Contratos entre pacientes y profesionales de la salud para mejorar la adherencia a las actividades recomendadas de asistencia sanitaria por parte de los pacientes
En ocasiones los pacientes no completan un ciclo de tratamiento o no siguen los cambios recomendados en los hábitos alimentarios o personales. Esta adherencia deficiente se puede deber a que los tratamientos toman mucho tiempo, tienen efectos secundarios o incluyen el cambio de los hábitos del paciente, lo cual es a menudo difícil. Varias intervenciones se proponen cambiar la relación entre los pacientes y los prestadores de salud a fin de mejorar la adherencia a los tratamientos por parte de los pacientes. Una de estas intervenciones se da en forma de contratos entre los profesionales de la salud y los pacientes, por medio del cual una o ambas partes se comprometen a cumplir con un conjunto de conductas relacionadas con la atención del paciente. Los contratos pueden ser escritos o verbales. La mayoría de los contratos se establecen entre los prestadores de salud y los pacientes, pero también se pueden establecer entre los profesionales y los cuidadores, los cuidadores y los pacientes o por un paciente consigo mismo. En esta revisión se evaluó si los contratos entre los prestadores y los pacientes realmente mejoran la adherencia al tratamiento por parte de los pacientes o el estado de salud de los mismos. También se evaluaron los efectos de los contratos sobre otros resultados como la participación y satisfacción del paciente, la conducta y los criterios del profesional, el estado de salud, los daños, los costes y los temas éticos.
Se encontraron 30 ensayos que incluyeron 4 691 participantes y analizaron varios tipos de contratos. Los principales problemas de salud abordados fueron las adicciones a sustancias, la hipertensión y el sobrepeso. Muchos de los ensayos presentaron una calidad deficiente e incluyeron un escaso número de participantes.
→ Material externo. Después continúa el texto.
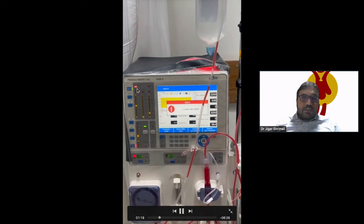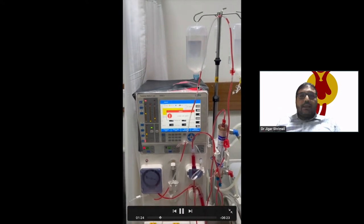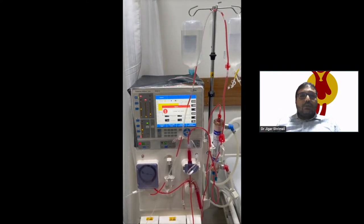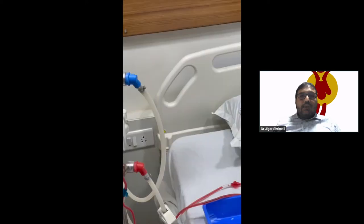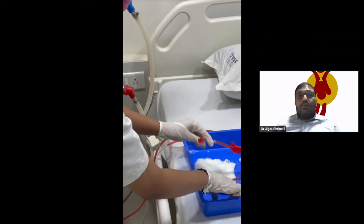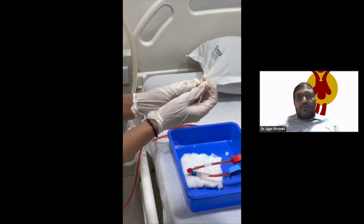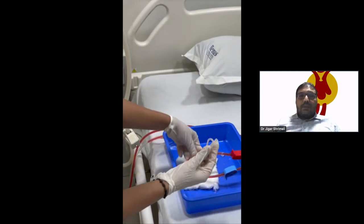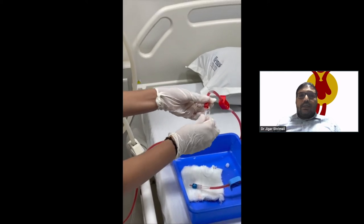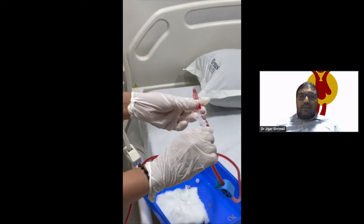The air is present in the circuit. We can see what kind of air came into the circuit. First of all, let's disconnect the patient. After that, the arterial and venous ends connect with each other through the whole circuit.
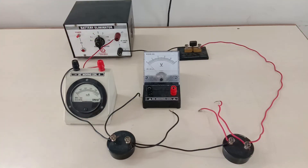Hi scientific audience, today I am going to explain the voltage drop across two resistors that are connected in series with a battery through a demonstration. This is a very important concept for grade 10 students.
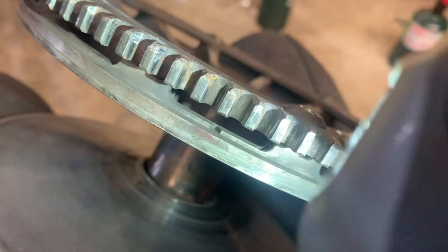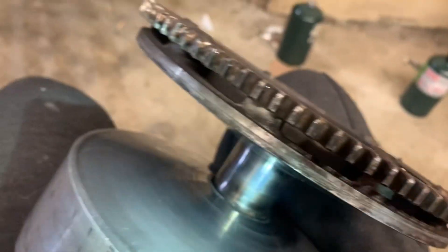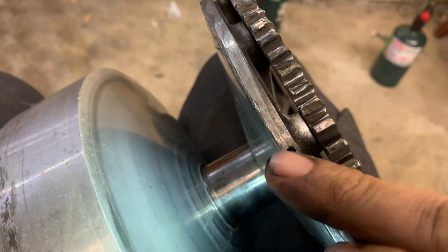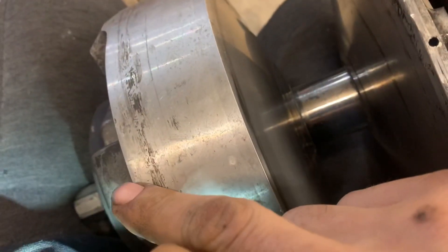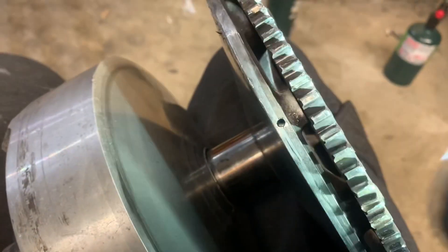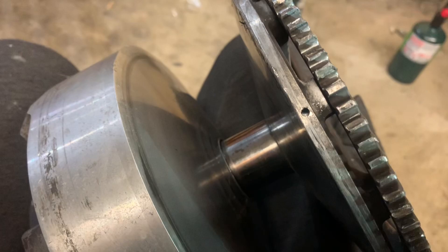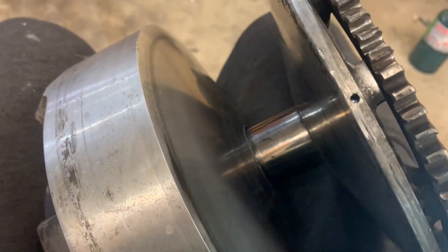That mark right there is supposed to be lined up with it, and as you can tell, I can kind of see how I could have made the mistake. That drill mark — you would have thought was supposed to be lined up there — but that's not the mark. So this thing is off, and that's why it's out of balance, because those are the factory balancing marks.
La mayoría se realizó en los EE.UU. En 16 de los ensayos hubo al menos una medida de resultado que mostró diferencias estadísticamente significativas a favor del grupo de contratos (aunque algunas de las mejorías en la adherencia no persistieron cuando se midieron después de un período más prolongado). En cinco ensayos al menos una medida de resultado mostró tales diferencias a favor del grupo control. En 26 ensayos existió al menos una medida de resultado para el que no hubo diferencias entre el grupo de contrato y los grupos control.
No existen suficientes pruebas fiables disponibles para recomendar el uso rutinario de los contratos en los servicios sanitarios para mejorar la adherencia de los pacientes a las actividades de asistencia sanitaria u otras medidas de resultado.